Impossible de ne pas évoquer ce plan séquence de 20 mn. Un plan fixe aussi où l'on observe un peu à l'écart la vie grouillante d'un parc pour enfants. Il s'y passe mille choses, mais il ne s'y pas rien de notable. C'est un parc comme tous les autres. Il est en Roumanie, il pourrait se trouver à Rome, à Paris ou Lefrincoucke. Les enfants jouent, les parents attendent, observent, téléphonent, boivent un café. D'autres s'engueulent. On entend des bruits. Un marchand de ballons passe. Maria entre puis sort du champ. Elle disparaît. Ah non, elle est encore là... Le réalisateur explique dans la brochure que des détails sont dissimulés au premier comme en arrière plan et qu'on peut y trouver les indices et l'explication de ce que le père va se mettre à chercher. Il n'est pas impossible que j'aille au moins revoir cette séquence fascinante pour mieux voir, mieux regarder. Avoir des réponses...

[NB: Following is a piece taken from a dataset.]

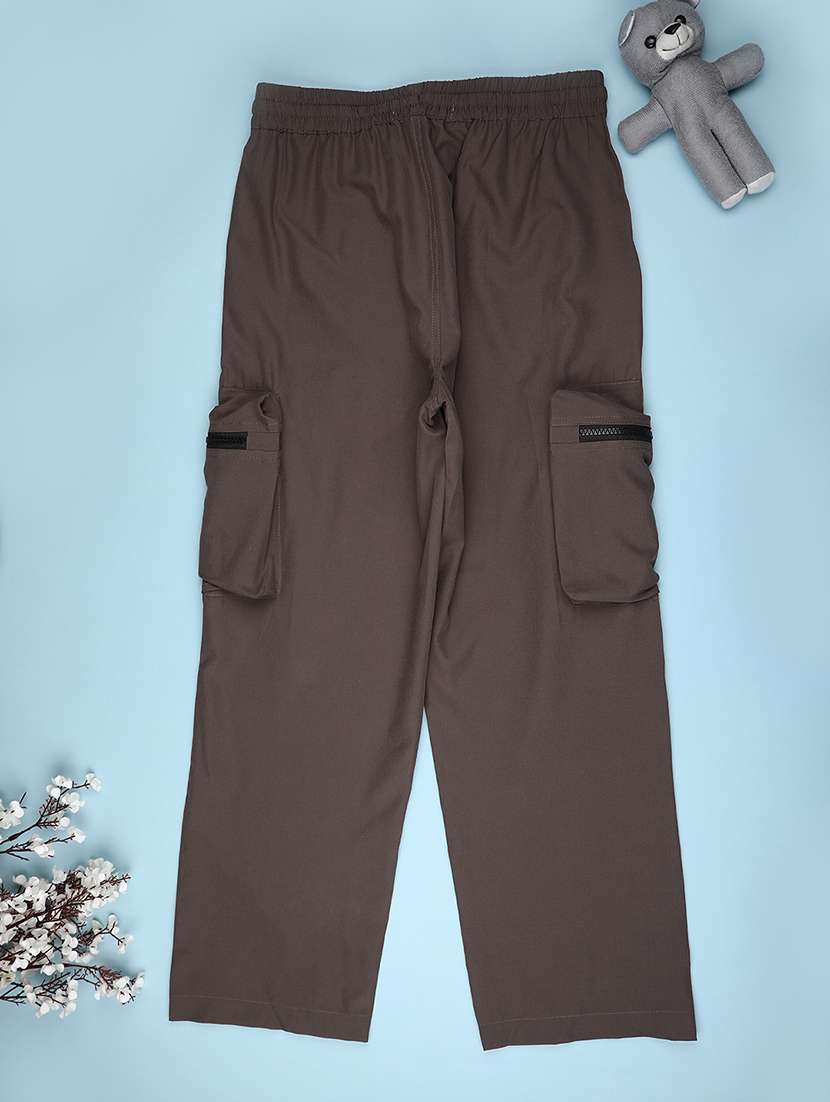 boys solid mid rise regular fit cargo - 22181845 -  Standard Image - 1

La durée du film, 2 h 34, en rebutera sans doute certains. C'est dommage. Le temps qui s'étire et se dilate est un atout du film. Il en est en partie le sel. Pas d'ellipse durant laquelle des choses se seraient produites. Le père retourne chaque jour dans le parc, s'assied sur le même banc et observe et nous avec lui. Il faut un coupable. Il en perd le sommeil. On le voit se déliter sous nos yeux, maigrir à vue d'œil, se transformer. La performance de l'acteur Bogdan Dumitrache est exceptionnelle, hallucinante. La paranoïa galopante de cet homme condamné au désespoir nous envahit peu à peu.

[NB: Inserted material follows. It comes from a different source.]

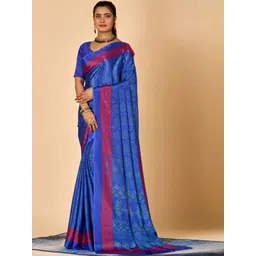 NEGRONI Geometric Printed Pure Crepe Saree With Blouse Piece-picture-23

Tudor trouve la police insuffisamment active et rencontre régulièrement le commissaire chargé de l'enquête. Leurs conversations sont des moments intenses et particulièrement passionnants du film. Les explications du flic ne lui suffisent pas et pourtant on ne peut s'empêcher d'éprouver de la sympathie pour ce policier calme, compatissant et parfois froidement mais pédagogiquement professionnel.

Après nous avoir asphyxié puis fait suffoquer dans une dernière scène peut-être contestable mais que j'ai trouvé s'inscrire dans la logique de l'évolution du personnage, le réalisateur nous abandonne stupéfait dans le silence.

Commentaires

  • Très belle chronique d'un film qui ne manque pas d'atouts, visiblement.
    Après, je t'avoue que je n'ai pas très envie de ce genre de films, actuellement.

    Merci d'en avoir parlé, en tout cas.

  • C'est pourtant un film bien différent.
    Merci d'avoir lu ma note

  • Que j'aime venir lire ici des mots qui me donnent furieusement d'aller voir certains films. Même si je dois en sortir rincée...
    J'aime ce blog

  • Oups, dans mon commentaire précédent c'est le mail de mon fils qui s'est mis automatiquement dans le champ qui lui est dédié ...
    :)

  • Oh que c'est gentil ! Merci.
    Être rincée parfois c'est bon.

  • Bonsoir Pascale, pour être rincé, on l'est. Juste après la dernière séquence d'une violence et d'un désespoir inouï, le silence.... L'acteur principal est en effet, sensationnel. Je sors de la projection, il y a une heure trente. Je vais écrire mon billet.